Sul fatto in sé, in pochi giorni si è scatenata una letteratura giornalistica che ha messo a dura prova sia la professionalità di Grasso, quanto il processo di selezione e la qualità del servizio di Manpower e di Expo. Segnaliamo fra i primi ad averne parlato in maniera approfondita: Vita, Giornalettismo, Huffington Post, quest’ultimo fra i primi a raccogliere anche testimonianze. A ruota tutti gli altri.
È la grande festa di chi vorrebbe utilizzare i nuovi media continuando a parlare un linguaggio che non solo non è più attuale, ma ancor meno credibile. Sono coloro che credono di poter declinare i comunicati stampa degli Amministratori Delegati anche sui social. Sono coloro che convinti (tanto il Corriere quanto Manpower) di essere leader di mercato credono di poter fare il buono e il cattivo tempo seppur disinformando, mantenendo uno standing di bassissimo livello qualitativo, solo perché protetti dalla politica, dai mercati e da improbabili attività lobbistiche (il board di Manpower, ricordiamo è di forte ispirazione ciellina). Non hanno capito che la Rete è libera e pensante. E soprattutto, delle lobby se ne frega.
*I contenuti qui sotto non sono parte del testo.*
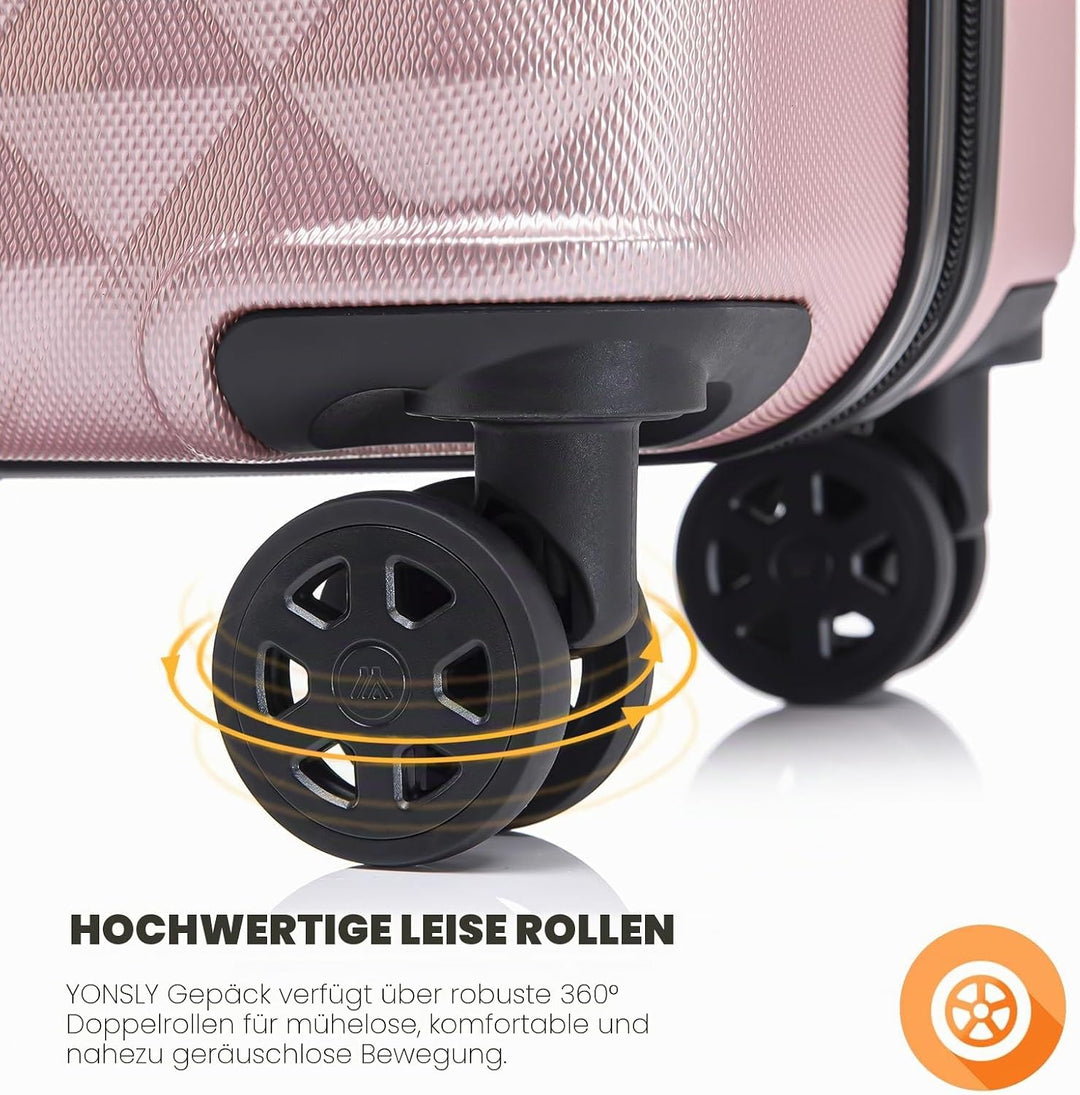 Koffer Suitcase XL Roségold, Trolley Reisekoffer, Rollkoffer Handgepäck mit 4 Rollen 360°, Hartschal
Alla fine, tutto quello che resta sono un giornalista che tradisce i principi elementari del giornalismo: approfondire la notizia e verificare fonti e testimonianze concrete. Ma soprattutto, e qui ancora più grave, una società interinale che benché cerchi di inventarsi ogni giorno servizi alternativi all’interinale, non riesce a stare al passo con il competitor di riferimento – Adecco – che non solo ha fatto passi da gigante nelle strategie di mercato, ma anche nella comunicazione digitale. A questo, si aggiunge una pezza degna del peggior Mister Hide, stampata cubitale sul sito ufficiale nella pagina in cui si cerca di far chiarezza su quanto avvenuto: “Il consiglio che mi sento di dare è quello di sentirsi sempre pronti, anche per coloro che si sono candidati mesi fa” sottolinea Stefano Scabbio, Presidente Area Mediterraneo ManpowerGroup “Le porte sono ancora aperte”.
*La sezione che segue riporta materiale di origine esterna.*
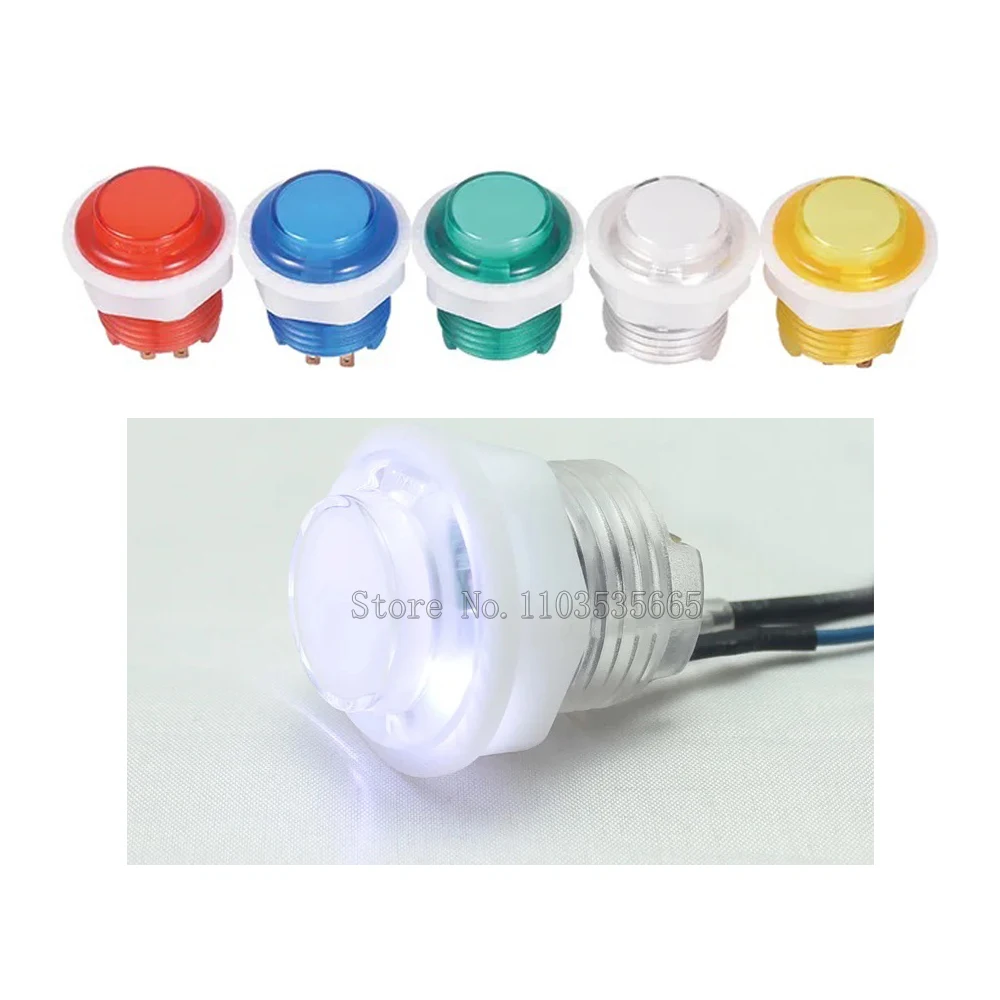 50PCS Original BaoLian 24mm 5V/12V LED Illuminated Light Round Clear Push Button With Microswitch For DIY Arcade Game Machine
Un grosso problema di competenza e di serietà, mi verrebbe da dire. Poichè è evidente che Scabbio, per riparare ai suoi problemi interni di gestione dei processi, sembra un marziano del suo settore e del suo tempo. I candidati, che tutto sembrano fuorché bamboccioni, hanno le idee molto chiare: un lavoro degno di questo nome avviene con una contrattazione chiara, una retribuzione corretta e quanto meno con un processo di selezione preciso e di qualità. Essere impegnati per sei mesi a 570 euro con una disponibilità pressoché totale, preclude la possibilità di cercare un qualsiasi altro lavoro, di sostenere colloqui, di trovare qualcosa di definitivo e soprattutto dignitoso. E questo lo sa un qualsiasi neodiplomato. Strano che sfugga all’Amministratore Delegato di Manpower che chiede ai candidati di “essere pronti in qualsiasi momento”. Ma pronti a che cosa?
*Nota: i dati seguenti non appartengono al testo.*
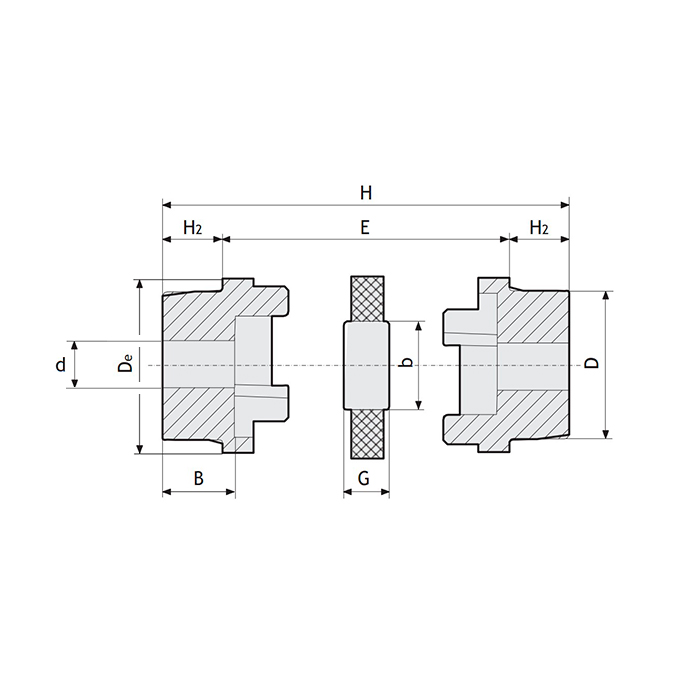 Полумуфта под расточку HRCP130 ISKRA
Tutti, nessuno escluso, dei candidati intervistati, hanno parlato di modalità di selezione improvvisate, di informazioni carenti e di troppi omissis, di un primo contatto a ottobre e la chiamata ad aprile. Nel mezzo il silenzio. Tanto che Cristina Tajani, Assessore al Comune di Milano ha annunciato di aver scritto ad Expo spa e Manpower chiedendo di “avere evidenza del processo di selezione dei giovani assunti per Expo”.
Secondo il Corriere della Sera, Manpower è allibita nel vedere che i candidati abbandonino le selezioni senza nemmeno scrivere una mail, fare una telefonata, mandare un salutino. Ma non erano i recruiter quelli a cui viene imputato di non rispondere mai?